Tensor M, a batch_size * num_features tensor, is the output of sparsemax. It's interpreted as the weightage of features during a decision step, with each row of M summing up to 1. Consequently, when dealing with a large number of features, the values of the elements are zeros or positive numbers approximating zero. It's highly unlikely for there to be a solitary element equal to 1 amidst other elements that are zeros.
In my view, the author of the Tabnet paper should have employed a tensor, transformed from M, which frequently contains several elements equal to 1, rather than using M itself.
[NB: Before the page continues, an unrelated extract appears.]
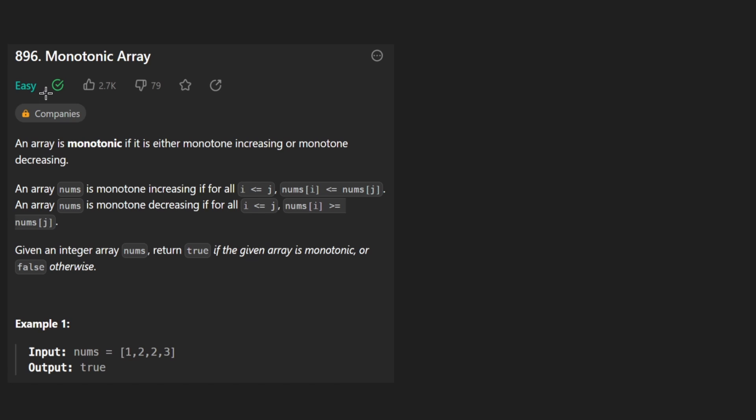Hey everyone, welcome back and let's write some more neat code today. So today let's solve the problem: monotonic array.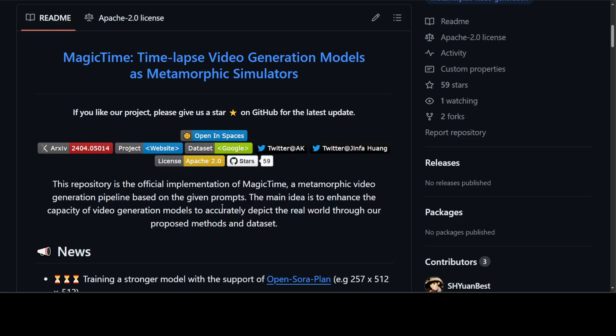That's it, guys. As I said, I will drop the link to the GitHub repo in the description. If you like the content, please consider subscribing to the channel. And if you are already subscribed, please share it among your network as it helps a lot. Thanks for watching.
This tensor should have been used as the subtrahend in this line: "prior = torch.mul(self.gamma - M, prior)", to realize the objective stated in the paper: "γ is a relaxation parameter – when γ = 1, a feature is enforced to be used only at one decision step".
What is the current behavior?
A feature is not enforced to be used only at one desicion step when gamma is 1 as stated in the paper.
If the current behavior is a bug, please provide the steps to reproduce.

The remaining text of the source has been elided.